(Web page caption snippets)

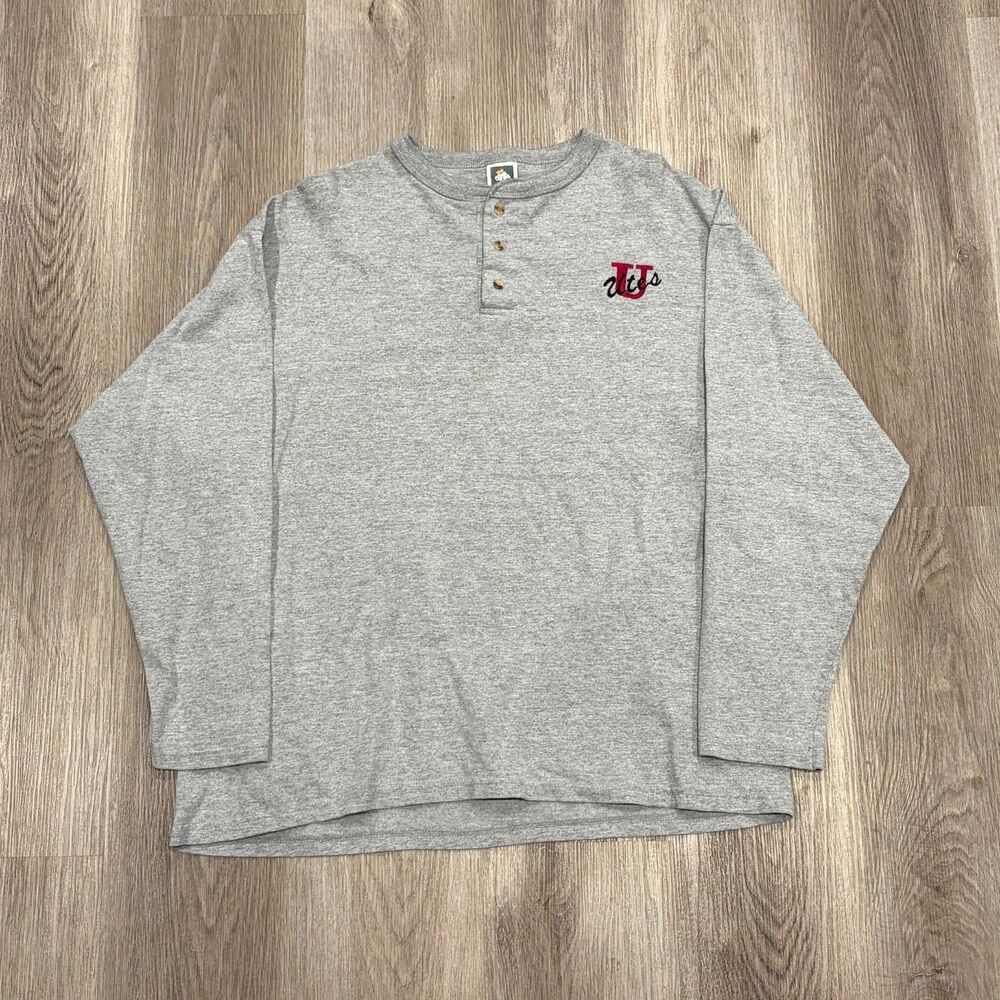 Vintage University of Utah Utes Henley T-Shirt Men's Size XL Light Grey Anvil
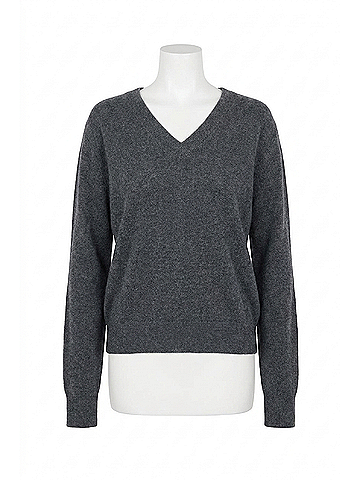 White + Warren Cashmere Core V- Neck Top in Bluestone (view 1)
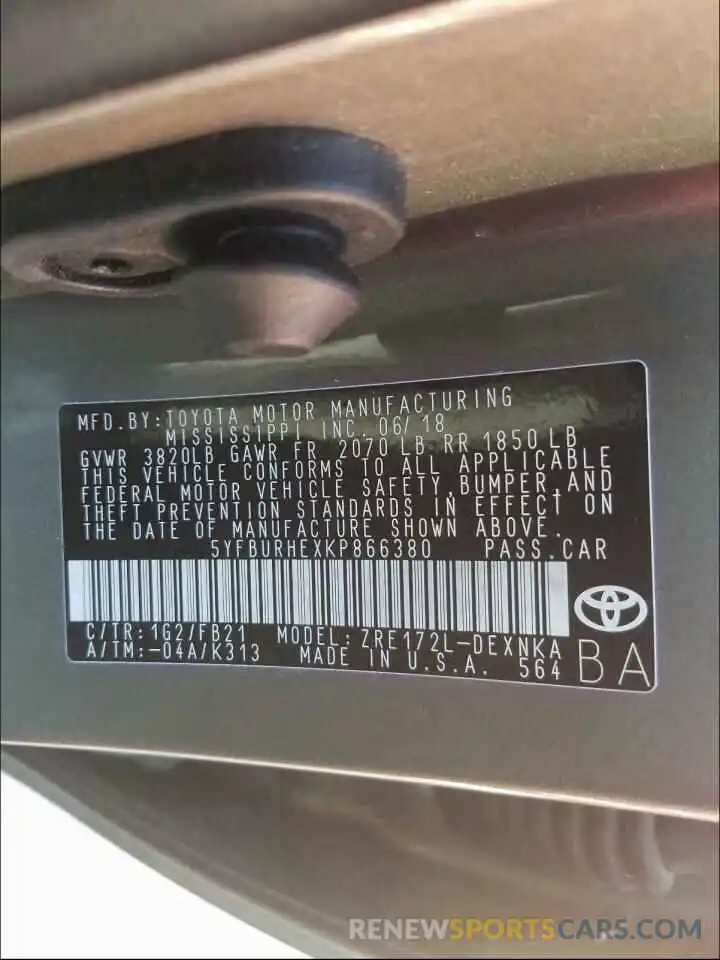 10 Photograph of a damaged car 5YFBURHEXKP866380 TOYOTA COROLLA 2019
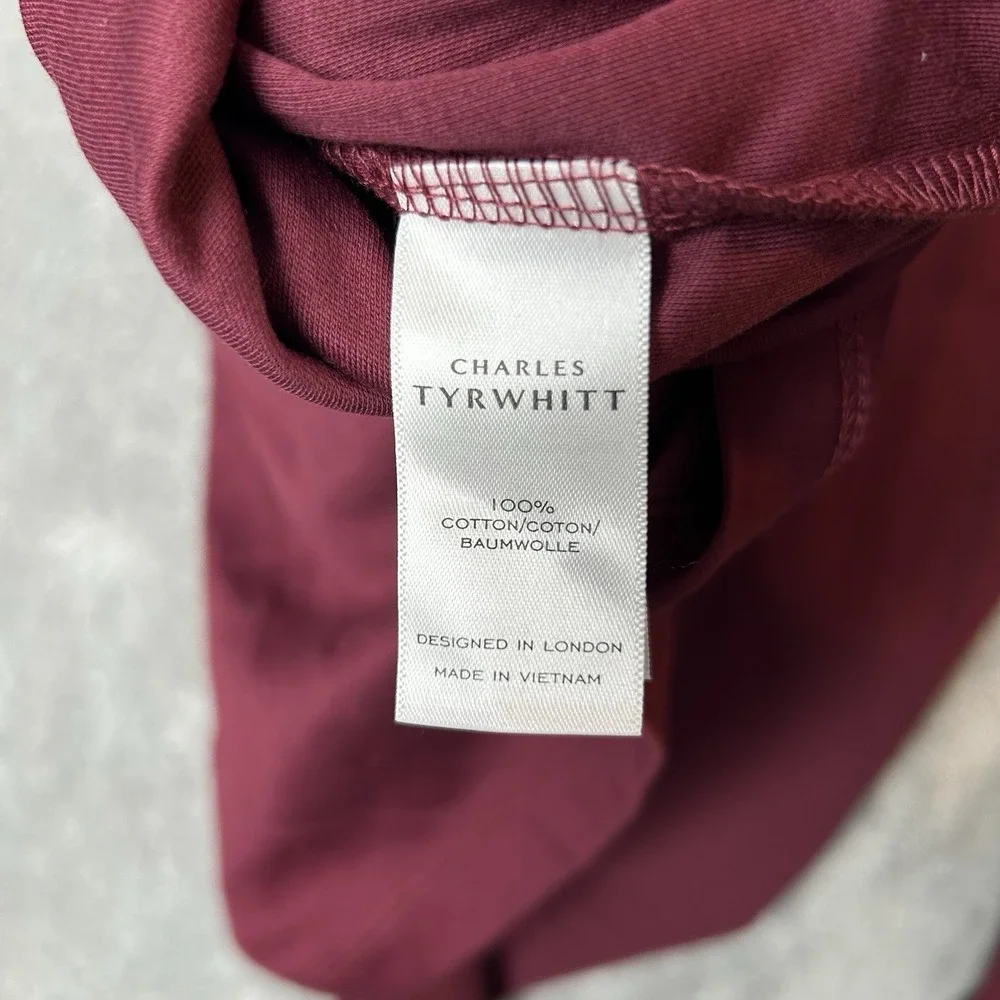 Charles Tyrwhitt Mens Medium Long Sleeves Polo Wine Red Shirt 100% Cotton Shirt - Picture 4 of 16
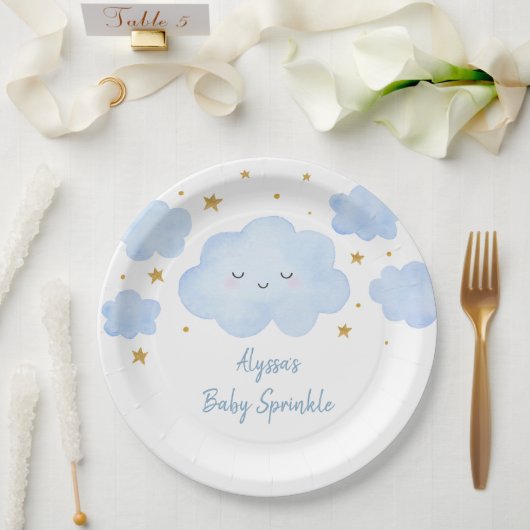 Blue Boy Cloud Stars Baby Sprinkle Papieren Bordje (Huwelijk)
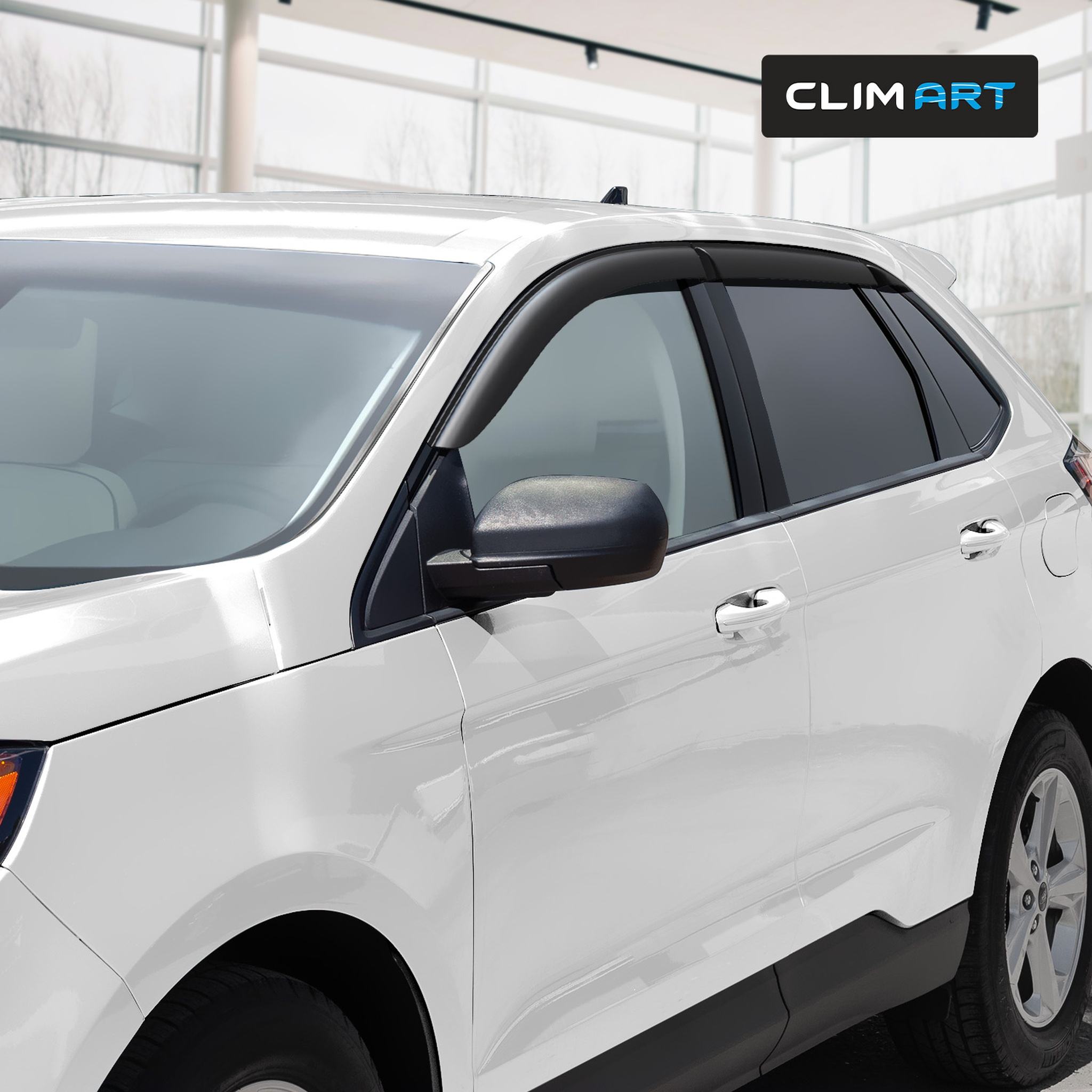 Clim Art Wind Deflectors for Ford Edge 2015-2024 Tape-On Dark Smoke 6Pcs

> Your goal
Print the entries above exactly, taking out only the pictures.

> Result below
 Vintage University of Utah Utes Henley T-Shirt Men's Size XL Light Grey Anvil
 White + Warren Cashmere Core V- Neck Top in Bluestone (view 1)
 10 Photograph of a damaged car 5YFBURHEXKP866380 TOYOTA COROLLA 2019
 Charles Tyrwhitt Mens Medium Long Sleeves Polo Wine Red Shirt 100% Cotton Shirt - Picture 4 of 16
 Blue Boy Cloud Stars Baby Sprinkle Papieren Bordje (Huwelijk)
 Clim Art Wind Deflectors for Ford Edge 2015-2024 Tape-On Dark Smoke 6Pcs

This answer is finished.